大魔闘演武も4日目までが終了した、その夜。この日大立ち回りを繰り広げたリュークはルーシィ、そして正体を明かした2人の未来の娘ポラリスと共に宿の大きなベッドに川の字で寝そべりお話を続けていた。
「………って言うのが、俺達が付き合う事になった経緯かな。なんで娘にそんな話を………?」
「へぇー………何か、紋章士の英雄達みたいだね。戦いや非日常の中で愛と絆を育んで、やがて強く結ばれて………憧れちゃうなぁ。」
「紋章士達と比べると、どうもドタバタが過ぎると思うけどね………」
「うん………不満は一切無いけど、理想からはちょっとね………」
「山と谷が大きすぎるというか、デコボコが過ぎるというか………」
2人の出会いから付き合うまでの、妖精の尻尾での激動の物語から始まり、
「知らなかった………母さん、そんなに酒癖悪かったんだ………」
「本当、苦労させられたものだよ………」
「むう………じゃあポラリス、これ見てよ。」
「え………誰この女の人?」
「ルーシィ!?いつの間に………!!」
「へへーん、こうなったらリューク"ちゃん"も恥ずかしい思いをしてもらわないとねー。」
「まさか………父さんなの?」
「………認めたくないなぁ………。

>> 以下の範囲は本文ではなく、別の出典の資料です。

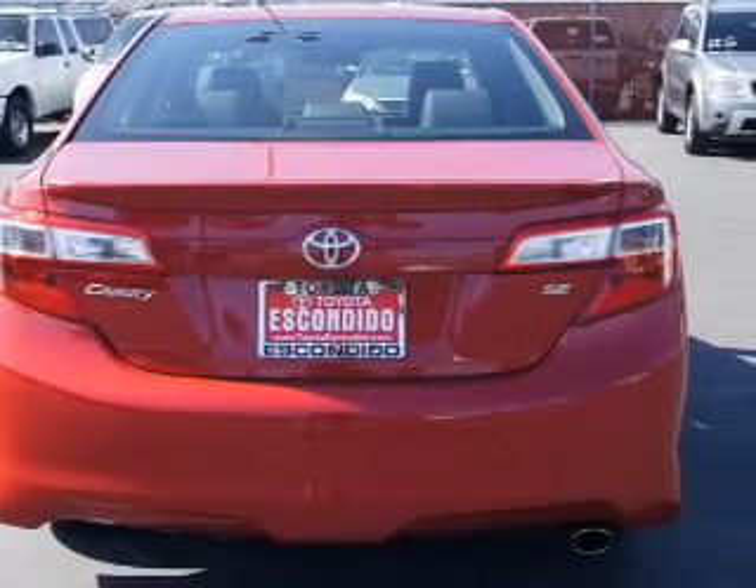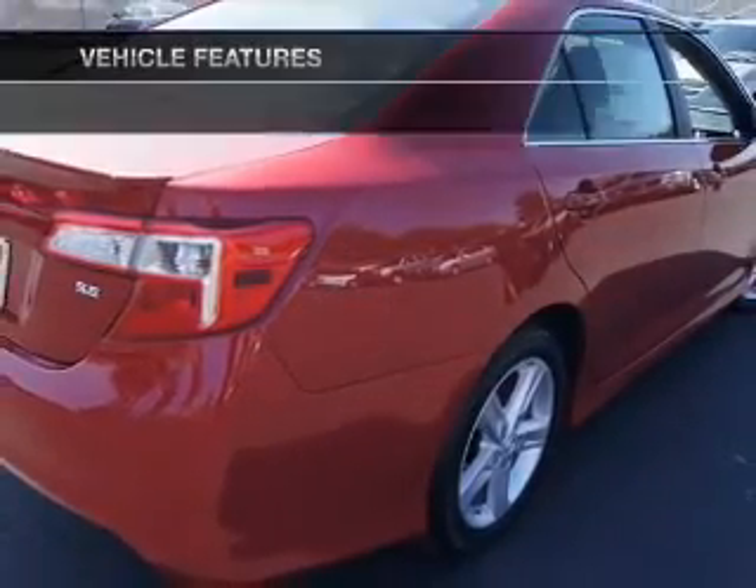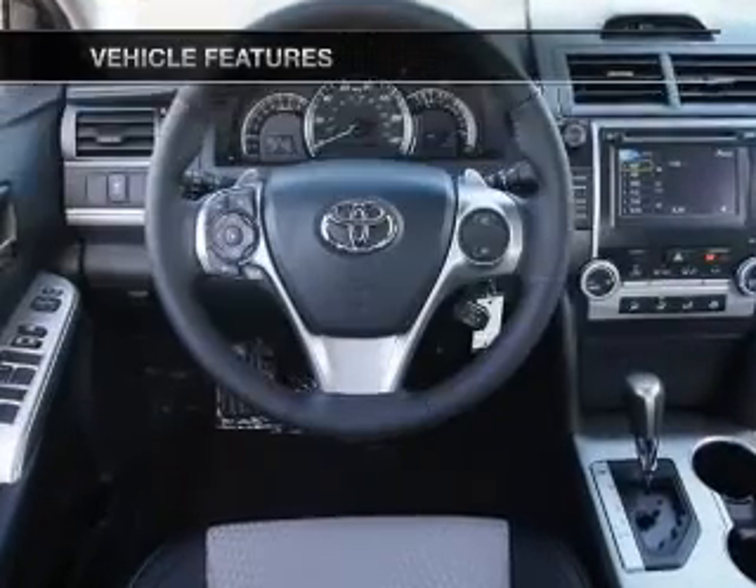The anti-lock braking system will keep you safe on the road. Memory settings are just one of the extras, and with these notable features, you won't want to miss out on the opportunity to own this amazing ride.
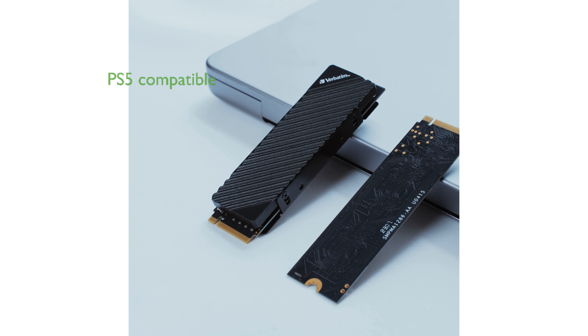This SSD is PlayStation 5 compatible, allowing users to store and play PS5 games directly from the drive, enhancing the gaming experience with its fast load times.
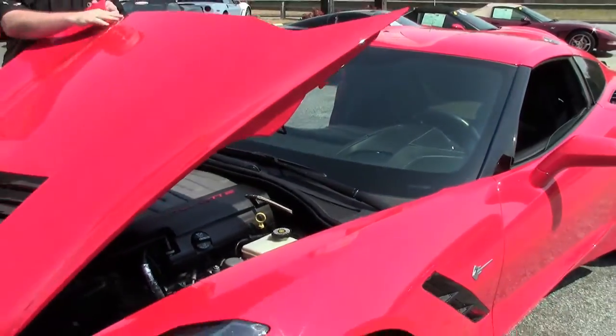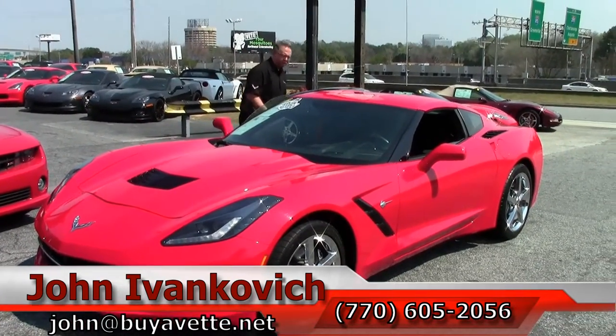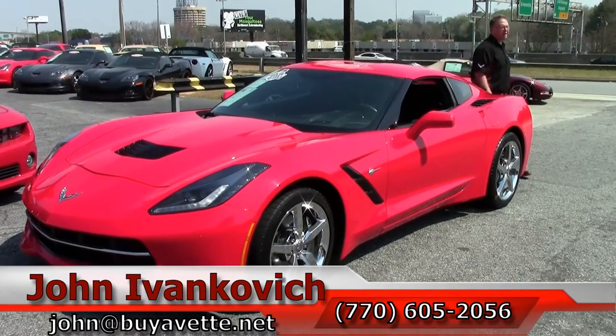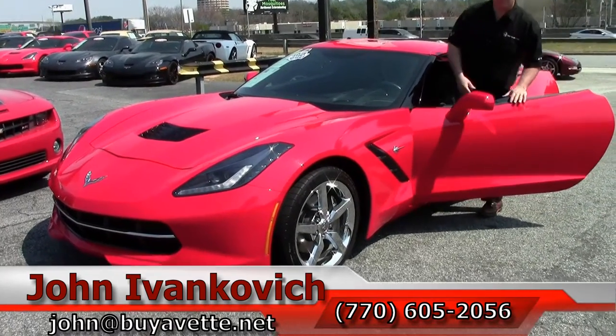Give me a call at 770-605-2056 or email john at that net. If there's a Stingray 2014 and newer that you don't see and you'd like us to help you find, please give us a call — we can do that with no problem. We'll see y'all out on the road.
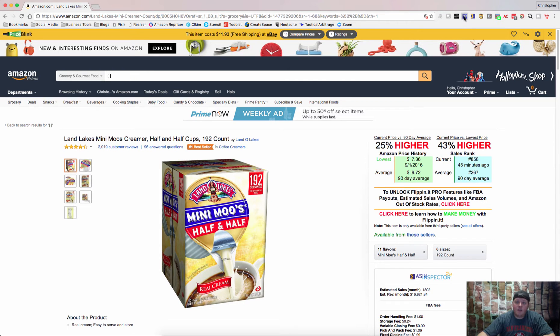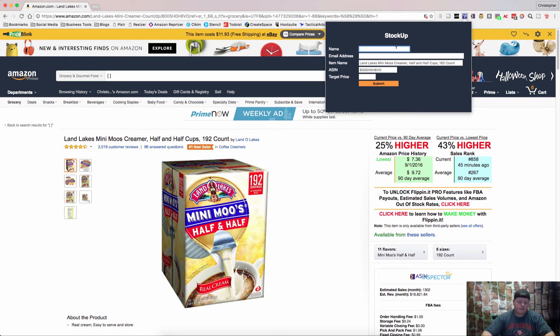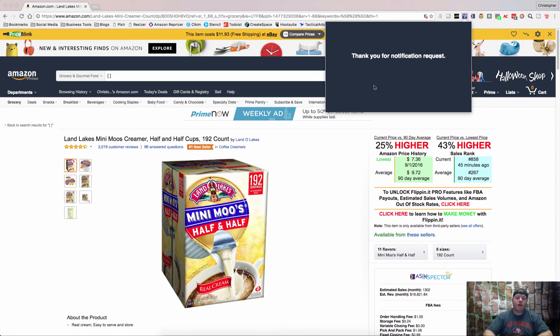So what StockUp does — if you click StockUp, it's going to ask for your name and your email. It's going to pull the item name from the Amazon product page, it's going to pull the ASIN automatically, and then you just put in the price you want. I want these at $15. And once they hit $15, you will get an email letting you know that the item is back up to the price that you want to go source it at. So you can run to Walmart or Costco or wherever they might sell the Minimoos, stock back up on them, get them into Amazon, and make some money.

」
「こんな事できたんだ………未来の父さん、髭生やしてたからこんな格好できないし。」
「リュークが髭を!?似合わなさそう………」
「………うん。正直、あたしも剃った方がいいと思ってた。威厳は出るけどそもそもあまり似合ってなかった。」
「………そんなズバズバと言わないでくれよぉ。」
「………もしかしてリューク、今から生やそうとしてた?」
他にもちょっとした話を続けていた3人。気付けば夜も更けて来ていて、リュークは大あくびをした。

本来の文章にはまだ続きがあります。